If you are concerned about your Skilled worker visa renewal, contact our immigration lawyers for a free telephone consultation on 020 3744 2797 or email us at info@reissedwards.co.uk

Can a Tier 2 / Skilled Worker visa holder do additional work?

Yes, a Tier 2 / Skilled Worker visa holder can take on additional employment without the need to ask for permission from the Home Office. Any part-time job will also be considered secondary employment as it is supplementary to your main sponsored work. It is important to note that additional work must:

  • Be for a role either on the Shortage Occupation List or have the same occupation code as the job that you are sponsored to do
  • No more than 20 hours per week
  • Outside of your working hours covered by your current CoS
  • Not interfere with the hours that you would generally spend on your sponsored work.

If you wish to take up supplementary employment as a Tier 2 visa holder which requires more than 20 hours or is in a different occupation code (assuming it is not on the shortage occupation list), you will need to:

  • request a new Certificate of Sponsorship for your second role for supplementary employment Tier 2
  • request a variation of your permission from UK Visas and Immigration

The restrictions on working up to or more than 20 hours on Tier 2 visa in a secondary or supplementary job only apply to paid work and not voluntary work.

If you are considering taking up a second job or part-time work on a skilled worker visa, it is important to check that you are within the rules.

Working from home on Tier 2 / Skilled Worker visa

As hybrid working becomes the norm in the UK following the COVID-19 pandemic, it is important to consider the implications of home working on your Skilled Worker visa.

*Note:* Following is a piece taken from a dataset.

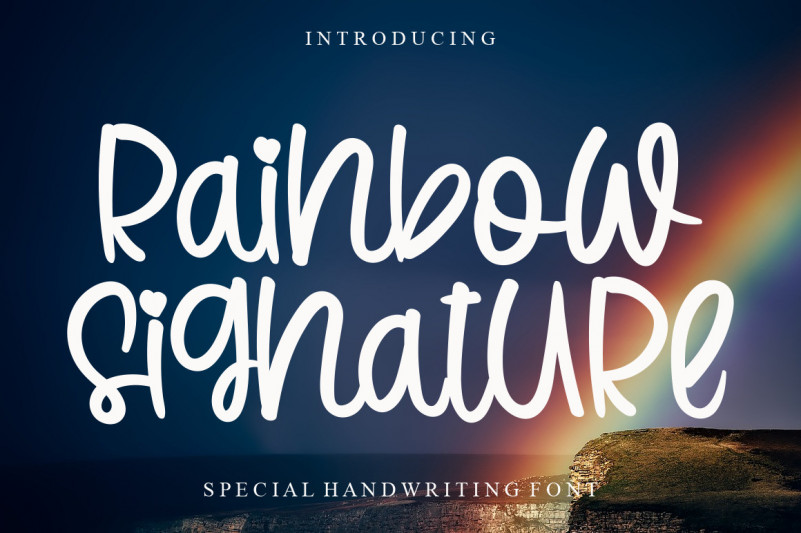 Rainbow Signature Script Font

It is possible to work from home on a Skilled Worker visa, but you and your employer must be able to satisfy the Home Office that:

  • your role is genuine
  • your working hours have not changed
  • you still meet the minimum income requirement (i.e. consider the impact of any allowances that have been removed due to a switch to home working)
  • you are still living in the UK (i.e. not working from another country)

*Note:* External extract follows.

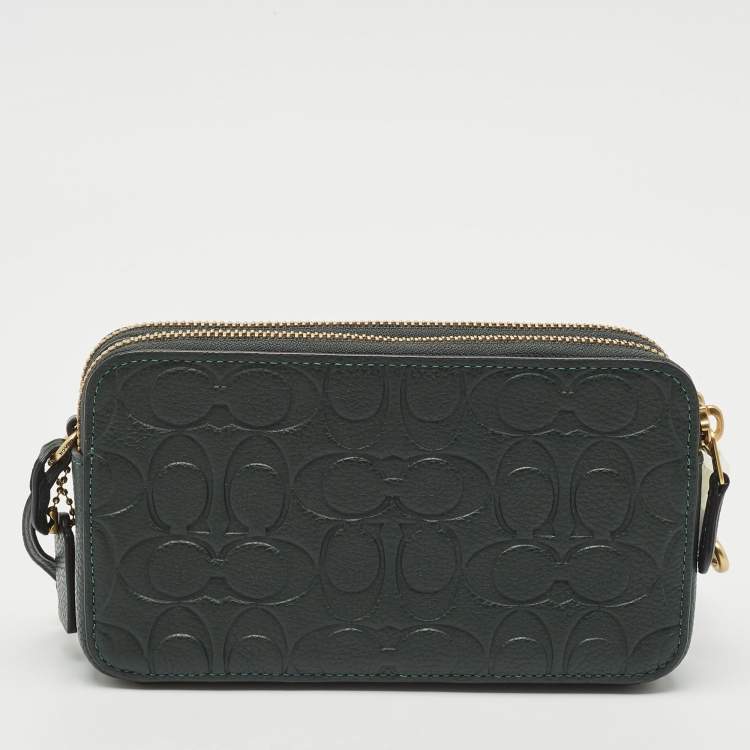 Pre Owned Coach Green Signature Embossed Leather Kira Double Zip Crossbody Bag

Employers with staff on a Tier 2 visa working from home should also consider how they can continue to meet their sponsorship obligations in terms of tracking the attendance of home-based sponsored workers, keeping their personal and contact details up-to-date, and reporting any changes or problems to the Home Office. When a sponsored worker switches from an employer-based location to home working, this change should be updated on the Sponsorship Management System (SMS).

Where a remote worker is wholly based overseas, this falls outside of the immigration rules, and a Tier 2 or Skilled Worker visa is not required. If they plan to split their working time both outside and inside the UK, they will need an appropriate visa such as a frontier worker visa, global business mobility visa, or meet the UK business visa requirements depending on the circumstances.

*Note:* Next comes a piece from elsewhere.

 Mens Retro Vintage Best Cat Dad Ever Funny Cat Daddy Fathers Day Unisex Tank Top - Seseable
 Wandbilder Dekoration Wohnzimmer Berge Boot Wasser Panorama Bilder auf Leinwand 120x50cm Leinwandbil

As long as the above requirements are met for a UK-based sponsored home worker or hybrid worker, this arrangement will not impact their eligibility for ILR (settlement) in the future. And from the perspective of the employer, as long as all efforts have been made to adhere to the immigration rules as outlined above, your eligibility for a renewal of your sponsor licence will not be negatively affected in the future.

If you are unsure if you are able to work from home as a sponsored worker or if you can allow a sponsored worker to switch to a home or hybrid remote working arrangement, speak to an immigration solicitor before you proceed. They will ensure you are within the immigration rules and explain any processes you may need to follow.

For advice on how to employ overseas worker, contact our immigration lawyers for a free telephone consultation on 020 3744 2797 or email us at info@reissedwards.co.uk.

Can a Tier 2 (Skilled Worker) visa holder do voluntary work?

Yes, as a Tier 2 (Skilled Worker) visa holder, you can take on additional voluntary work in your spare time. If you plan to undertake voluntary work in addition to your current job, you must ensure that the voluntary work does not affect your ability to carry out your sponsored work.

You can work on a voluntary basis in any sector, but you must not receive any form of payment (except for reasonable expenses).